▶ **Work request**
Output, exactly and in full, only the lines from the one containing "Stir Fry Chinese" to the last line of the data. Pictures should not appear.

▶ **Supplied entries**

_ _ _

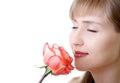 Young beautiful woman rose inhale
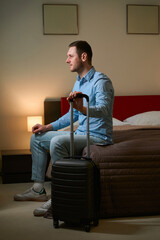 Handsome guy looking in window sitting on bed in hotel room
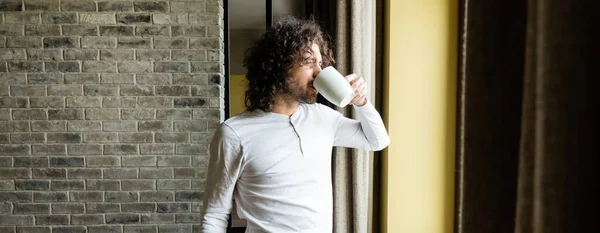 Horizontales Bild eines gutaussehenden Mannes im Pyjama, der Kaffee trinkt, während er morgens aus dem Fenster schaut — Stockfoto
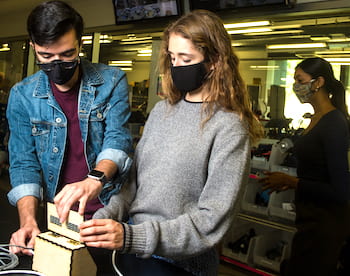 Rice University engineering students have designed a low-cost touchless temperature monitor. Diego Gonzalez and Caterina Grasso Goebel make an adjustment to the temperature readout, attached by a long cable to the sensor to keep people at a distance. (Credit: Photo by Jeff Fitlow/Rice University)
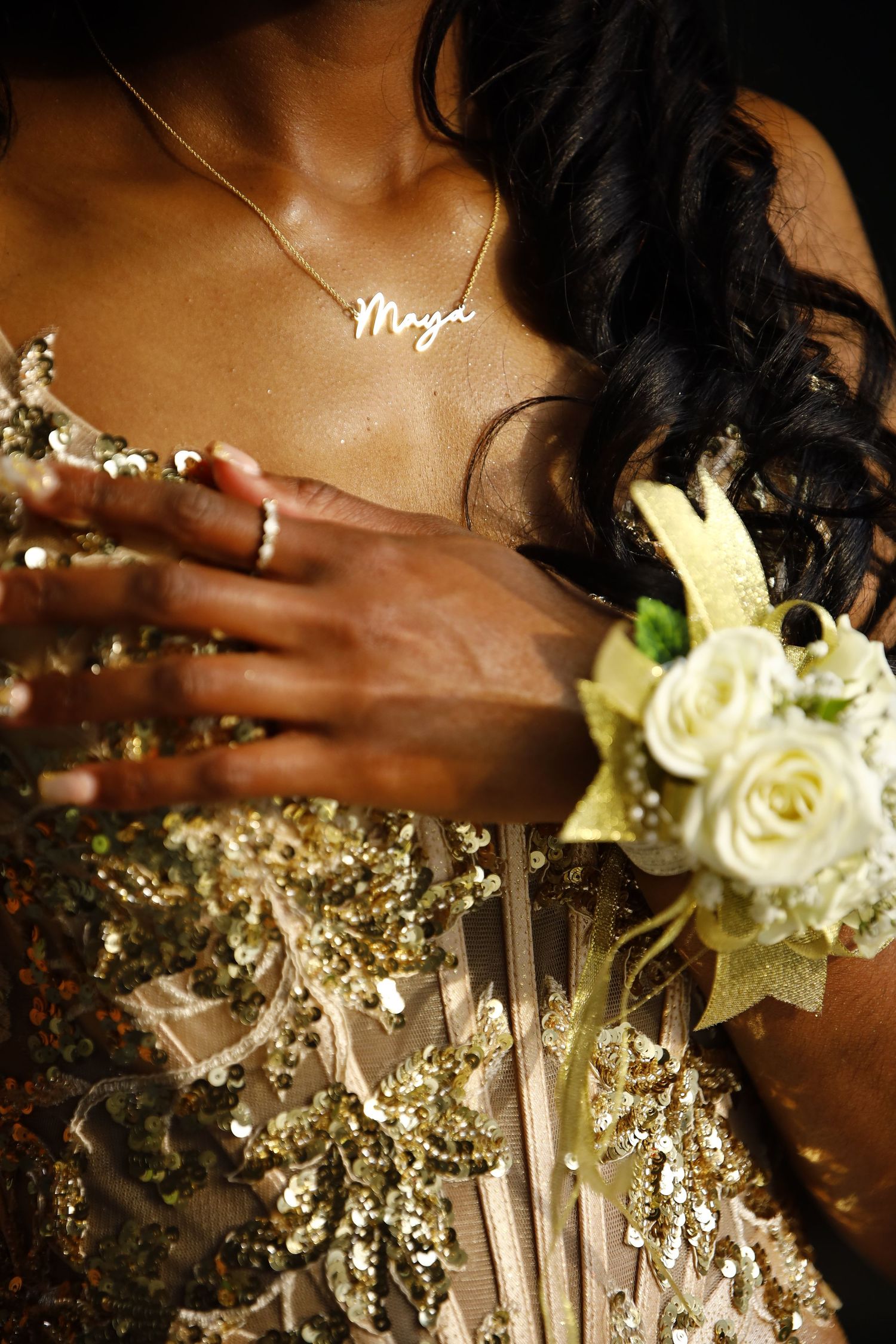 A series of wedding photos showing white roses and delicate floral arrangements against a warm brown background.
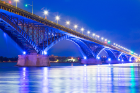 The Peace Bridge lights up the night with blue lights. 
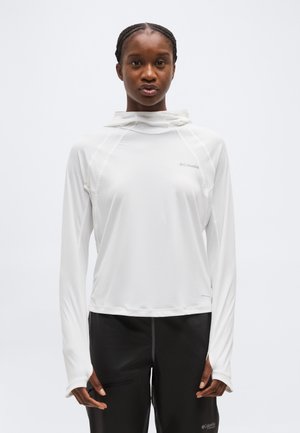 Άτομο που φοράει λευκό μακρυμάνικο μπλουζάκι με κουκούλα και τρύπες για τον αντίχειρα και μαύρο παντελόνι, μπροστά σε απλό ανοιχτόχρωμο φόντο.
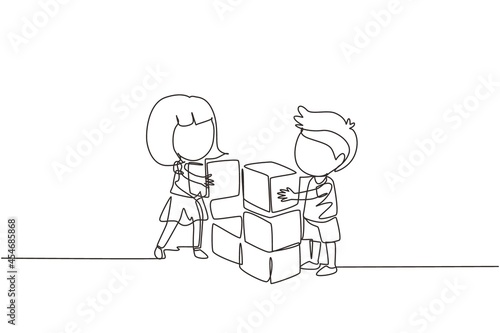 Single one line drawing little boy and girl playing blocks cube toys together. Kids play with toys brick. Educational toys. Children playing block cubes. Continuous line draw design graphic vector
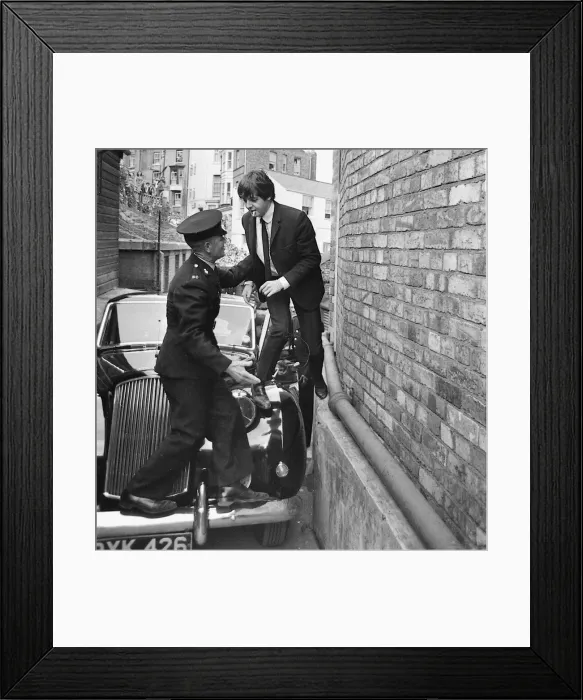 Framed Print : Paul McCartney is helped as limo gets stuck at entrance to Futurist theatre in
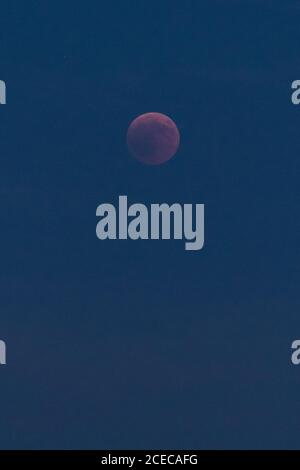 Amazing blood moon on dark night sky during eclipse in Madrid, Spain Stock Photo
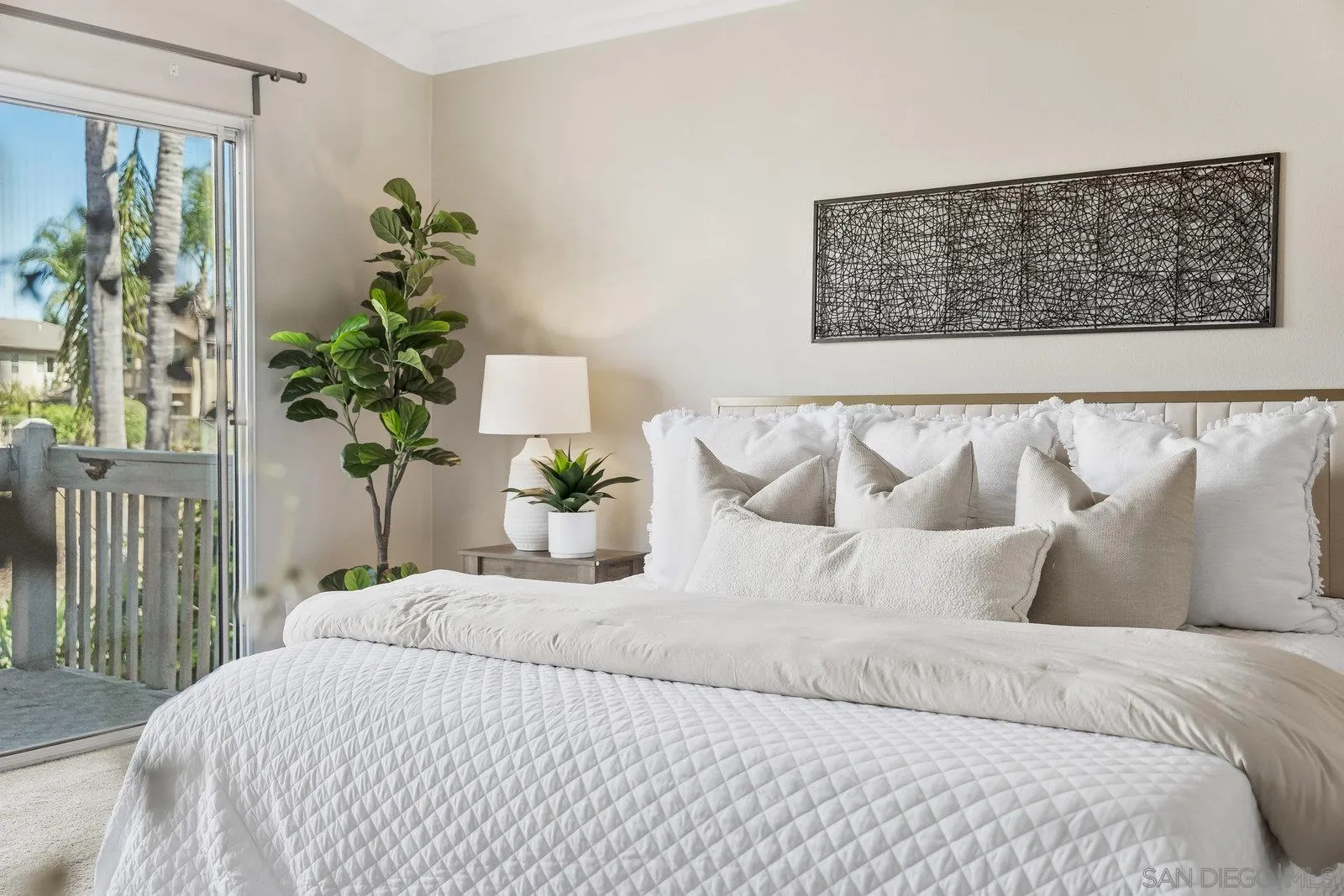 11542 Village Ridge Road San Diego, CA 92131 - Photo 19 of 42 a bedroom with a bed and a potted plant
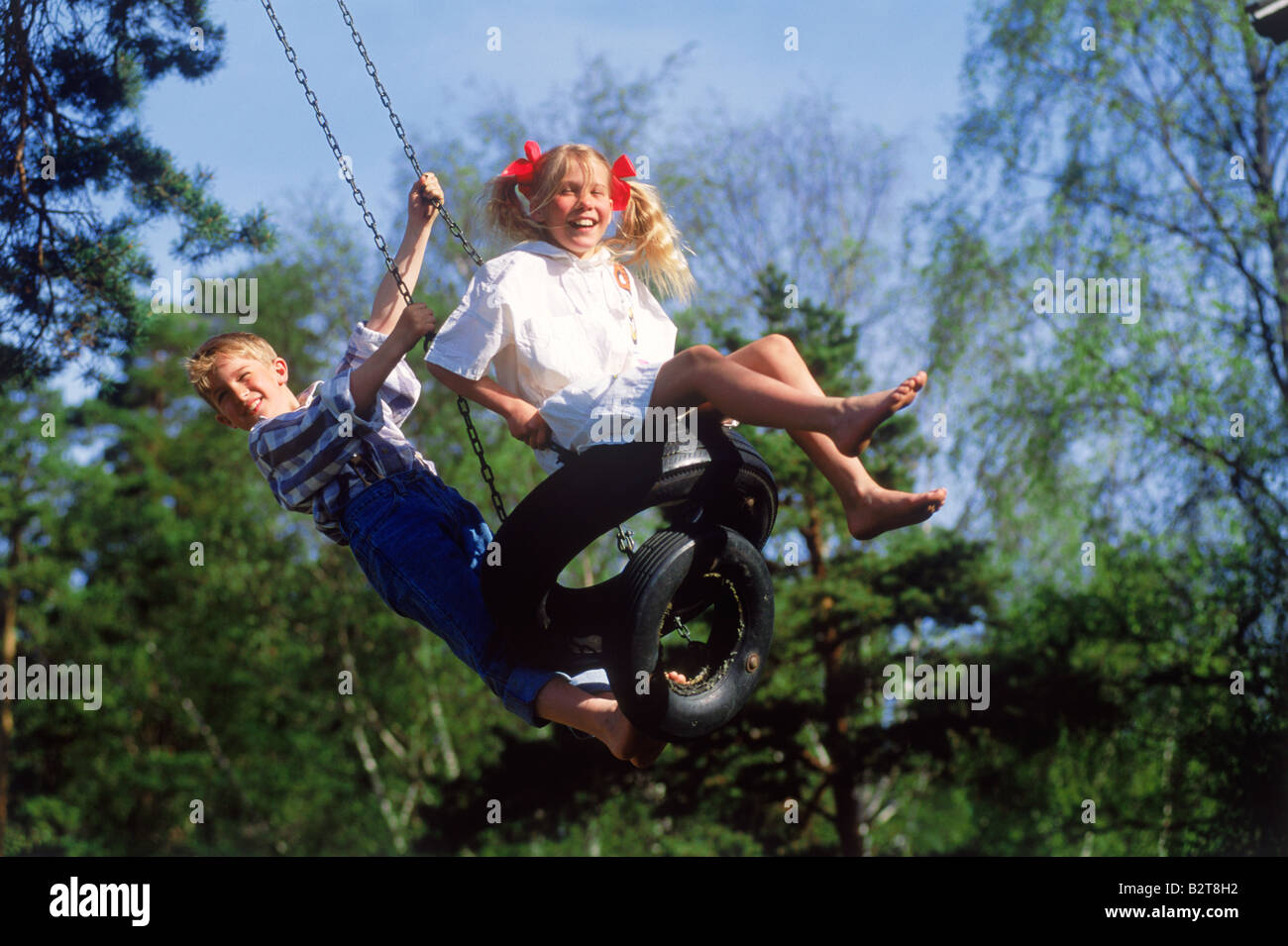 Un ragazzo e una ragazza la condivisione swing sul giorno di estate in Svezia Foto Stock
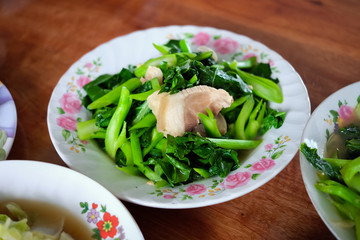 Stir Fry Chinese Kale with Oyster Sauce Recipe on a plate for Chinese new year, Chinese Ghost Festival.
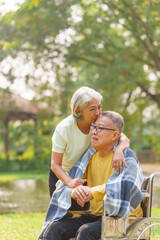 Elderly couple husband and wife happy asian people giving love and care Wheelchair in the park relaxing in spring, relaxing and walking outside at the park.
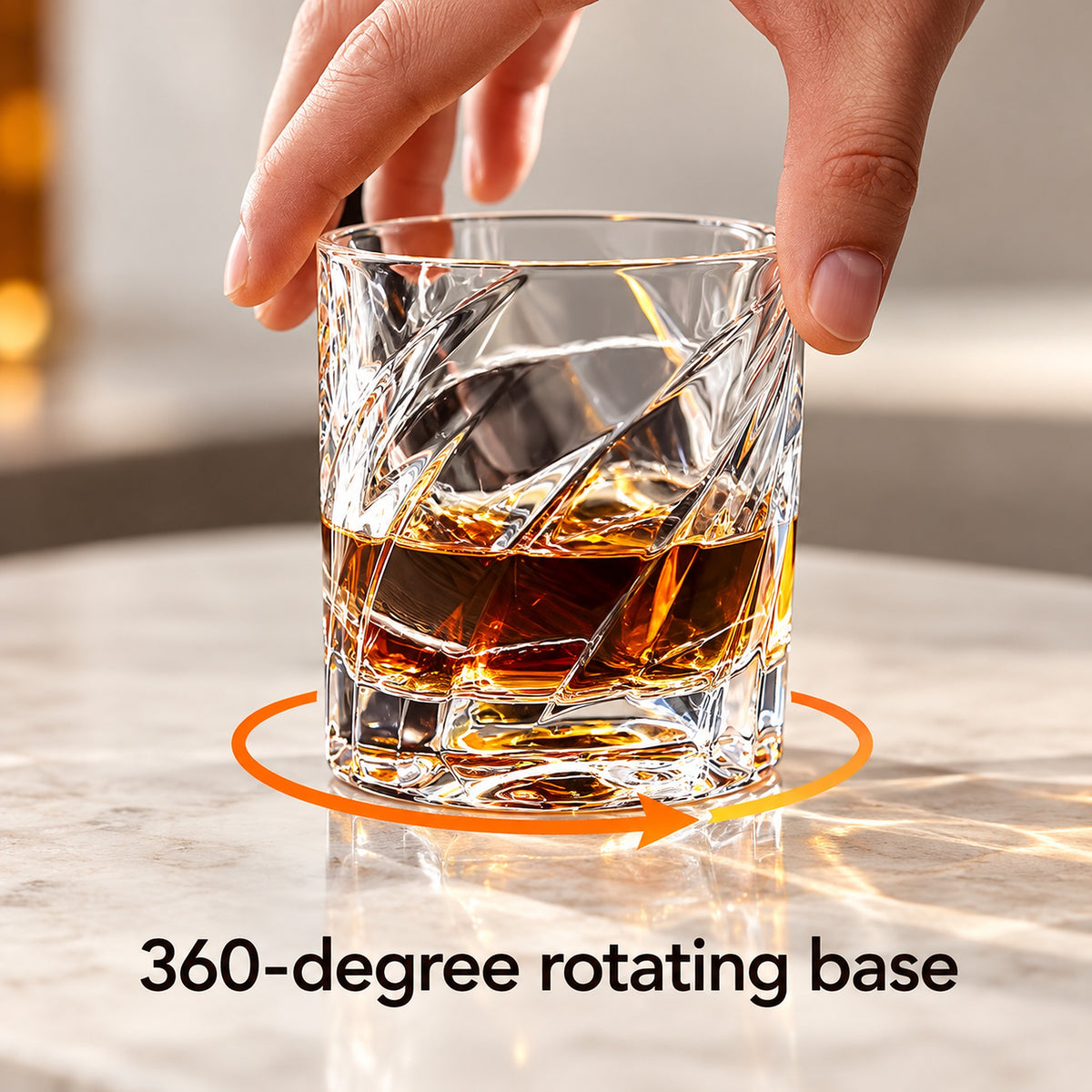 Shark-fin whiskey glass with a base that rotates through 360 degrees with a gentle touch.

_ _ _

▶ **Result of the exercise**
 Stir Fry Chinese Kale with Oyster Sauce Recipe on a plate for Chinese new year, Chinese Ghost Festival.
 Elderly couple husband and wife happy asian people giving love and care Wheelchair in the park relaxing in spring, relaxing and walking outside at the park.
 Shark-fin whiskey glass with a base that rotates through 360 degrees with a gentle touch.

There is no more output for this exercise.